Vincent Carchietta-USA TODAY Sports

The trading of Mac Jones and subsequent signing 36 hours later of Jacoby Brissett means this for the New England Patriots in 2024: They're willing to drive on a spare tire.

Brissett is the NFL's equivalent of that emergency spare tucked in your car's trunk: Woefully in-equipped. Low-performance. Only to be used in dire situations - driven at speeds no faster than 40 mph until you can find a newer, bigger, better tire. That improved equipment wasn't Jones. The Pats hope it will be a rookie quarterback drafted No. 3 overall next month, either Jayden Daniels or Drake Maye.

Until then, Brissett is the quarterback bridge. The career journeyman neither good enough to keep a starting job nor bad enough to ever go without a backup gig.

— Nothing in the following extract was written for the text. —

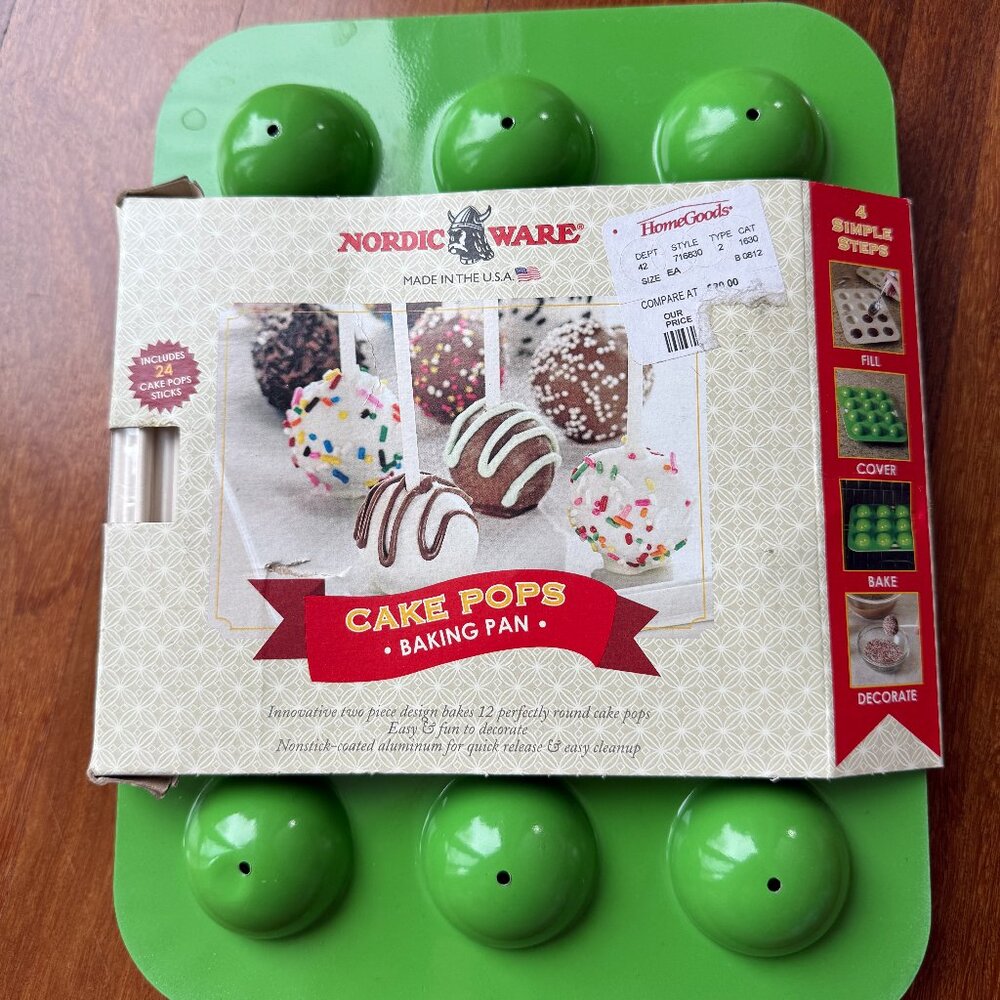 NEW Nordic Ware Cake Pops Baking Pan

At 31, he's on to his fifth team in five seasons, and back where he started as a rookie in Foxboro in 2016. That season he stepped for injured Jimmy Garoppolo - who was stepping in for Deflategate-supsended Tom Brady - and finished two early-season wins. When Brady returned the Pats won the Super Bowl and Brissett, a third-round draft choice, won a LI ring ... and was promptly traded.

The Patriots weren't exactly enamored. Neither have the Indianapolis Colts, Miami Dolphins, Cleveland Browns or Washington Commanders. His first and only year as "the man" in Indy, Brissett went 4-11. He's since served as backup to the likes of Andrew Luck, Philip Rivers, Tua Tagovailoa, Deshaun Watson and Sam Howell.

Brissett has started 48 games. His record is 18-30.

“Being a good teammate will trump anything,” he told reporters when he signed a one-year deal with the Commanders a year ago.

He should know. Brissett has played in 79 games with five teams over eight seasons ... and never taken a snap in a playoff game.

With a one-year, $8 million contract, the Patriots aren't exactly investing in the future with Brissett. But they hope to salvage their present from deteriorating into the dumpster fire that was their most recent past.

Jones, meanwhile, is off to the Jacksonville Jaguars, where he will play for his fourth offensive coordinator in his fourth season in the league. So much for offensive coordinator Alex Van Pelt's "clean slate."

No doubt Mac radically regressed, but the Pats' mishandling certainly accelerated his deterioration.

At this point upon the signing of the underwhelming Brissett we're left to wonder: Is Jacoby better than Mac? And, for that matter, is he better than Bailey Zappe?

Start the car, the Pats are about to go for a drive. A slow, modest drive.